The gut microbiome consists of trillions of bacteria, which exert powerful effects on host nutrition, development, and immunity.1,2 Dysbiotic microbiomes, often with reduced diversity, have been implicated in numerous chronic inflammatory conditions, including obesity, allergies, irritable bowel syndrome, and type I diabetes.3,4 Gut microbiomes are also known to modulate host susceptibility to infectious pathogens, particularly intestinal parasites, via effects on both local and systemic immune responses.5–7 Recent human field studies, for example, have reported increased diversity among microbiomes of helminth-infected subjects, suggesting a protective role against inflammatory disease in the host.7–10 Helminths that reside in the gut can directly affect the immune system and are thought to benefit indirectly from mutualistic relationships with enteric microbes that can influence immune responses at the intestinal mucosa.10,11 Although less intuitive, there is evidence that gut microbiota can also associate with Plasmodium parasites, perhaps through interactions mediated by the immune system.12 A mouse study reported a negative association of Bifidobacterium and Lactobacillus with severe malaria, and a human field study reported a negative association of Bifidobacterium, Streptococcus, and Enterobacteriaceae with Plasmodium falciparum infection.13,14 Another study has indicated that gut helminths may also be associated with enteric Lactobacilli species,6 suggesting the intriguing possibility that the gut microbiota may be implicated in governing host susceptibility to diverse pathogens, and perhaps even coinfection by different pathogens, through similar microbiome-influenced pathways.
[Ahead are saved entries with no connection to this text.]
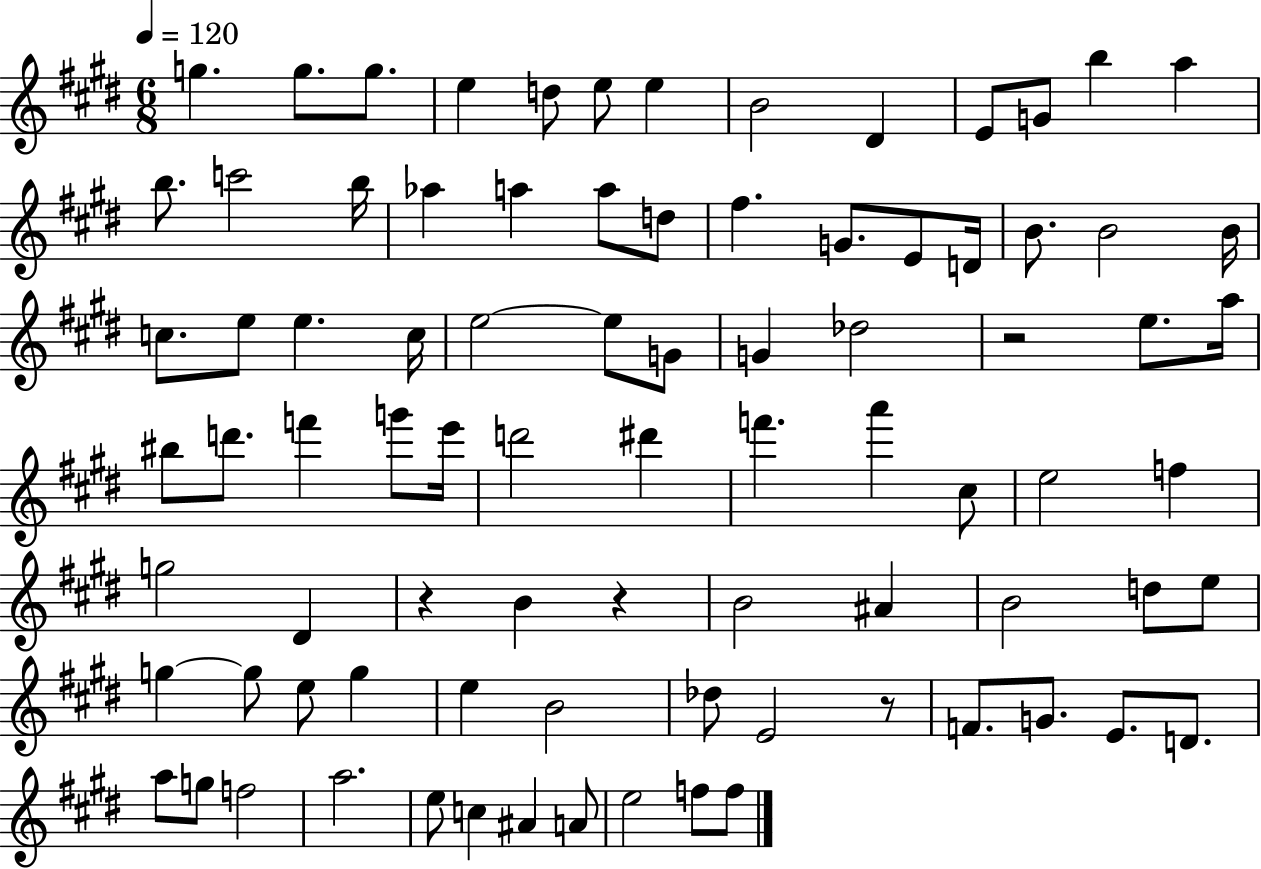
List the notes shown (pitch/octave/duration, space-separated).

G5/q. G5/e. G5/e. E5/q D5/e E5/e E5/q B4/h D#4/q E4/e G4/e B5/q A5/q B5/e. C6/h B5/s Ab5/q A5/q A5/e D5/e F#5/q. G4/e. E4/e D4/s B4/e. B4/h B4/s C5/e. E5/e E5/q. C5/s E5/h E5/e G4/e G4/q Db5/h R/h E5/e. A5/s BIS5/e D6/e. F6/q G6/e E6/s D6/h D#6/q F6/q. A6/q C#5/e E5/h F5/q G5/h D#4/q R/q B4/q R/q B4/h A#4/q B4/h D5/e E5/e G5/q G5/e E5/e G5/q E5/q B4/h Db5/e E4/h R/e F4/e. G4/e. E4/e. D4/e. A5/e G5/e F5/h A5/h. E5/e C5/q A#4/q A4/e E5/h F5/e F5/e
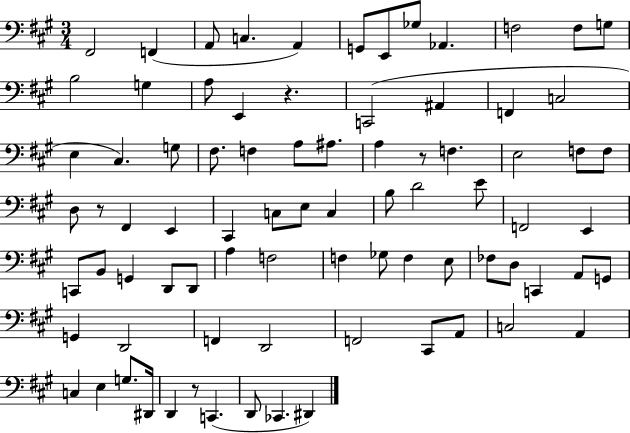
{
  \clef bass
  \numericTimeSignature
  \time 3/4
  \key a \major
  fis,2 f,4( | a,8 c4. a,4) | g,8 e,8 ges8 aes,4. | f2 f8 g8 | \break b2 g4 | a8 e,4 r4. | c,2( ais,4 | f,4 c2 | \break e4 cis4.) g8 | fis8. f4 a8 ais8. | a4 r8 f4. | e2 f8 f8 | \break d8 r8 fis,4 e,4 | cis,4 c8 e8 c4 | b8 d'2 e'8 | f,2 e,4 | \break c,8 b,8 g,4 d,8 d,8 | a4 f2 | f4 ges8 f4 e8 | fes8 d8 c,4 a,8 g,8 | \break g,4 d,2 | f,4 d,2 | f,2 cis,8 a,8 | c2 a,4 | \break c4 e4 g8. dis,16 | d,4 r8 c,4.( | d,8 ces,4. dis,4) | \bar "|."
}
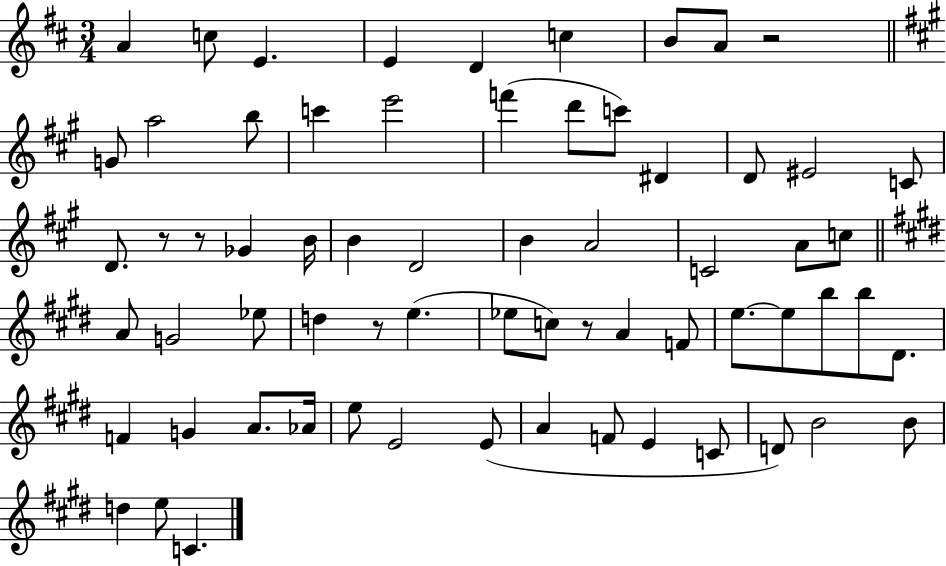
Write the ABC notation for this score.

X:1
T:Untitled
M:3/4
L:1/4
K:D
A c/2 E E D c B/2 A/2 z2 G/2 a2 b/2 c' e'2 f' d'/2 c'/2 ^D D/2 ^E2 C/2 D/2 z/2 z/2 _G B/4 B D2 B A2 C2 A/2 c/2 A/2 G2 _e/2 d z/2 e _e/2 c/2 z/2 A F/2 e/2 e/2 b/2 b/2 ^D/2 F G A/2 _A/4 e/2 E2 E/2 A F/2 E C/2 D/2 B2 B/2 d e/2 C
A pilot study was conducted in Odisha, India, where both soil-transmitted helminth (STH) infections and malaria are endemic.15,16 The study was approved by the Institutional Review Boards at the University of Notre Dame and the Institute of Life Sciences, Bhubaneswar. Informed consent was obtained from all adult subjects and from a guardian of all minor subjects. The study was conducted in two phases; the first aimed to provide an initial profile of the association between microbiota and STH infections in this region. The second phase specifically examined the association between Lactobacillus and parasite coinfection. For the STH phase, stool samples were taken from subjects aged 2–5 years recruited from urban slums in Bhubaneswar, Odisha (n = 16). Stool collection kits were distributed to parents of potential subjects and collected 24 hours later. Common STHs Ascaris lumbricoides, Necator americanus, and Trichuris trichiura were detected through microscopy, flotation, and polymerase chain reaction (PCR) (for N. americanus and T. trichiura only). DNA was extracted from stool samples, and bacterial 16S rRNA was sequenced using the Illumina platform (Illumina Inc., San Diego, CA). Sequences were dereplicated, denoised, and clustered de novo into operational taxonomic units (OTUs) using UPARSE.17 Data were analyzed using R version 3.4.3 (R Core Team, Vienna, Austria) and the Linear discriminant analysis Effect Size online interface.18
For the Plasmodium phase, blood and stool samples were taken from subjects of all ages recruited from rural villages near Rourkela, Odisha (n = 68). Stool collection kits were distributed and collected the same day. DNA extracted from blood and stool samples was used for PCR detection of P. falciparum, Plasmodium vivax, N. americanus, and T. trichiura. Fecal DNA from each sample in the Plasmodium phase was used as the template in one qPCR using Universal Bacteria primers and one quantitative PCR (qPCR) using Lactobacillus-specific primers. Cycle threshold (CT) values were recorded as measures of total bacteria and Lactobacillus abundance. The cycle threshold of Universal Bacteria was subtracted from the CT of Lactobacillus for each sample, yielding a value representing the inverse relative abundance of Lactobacillus.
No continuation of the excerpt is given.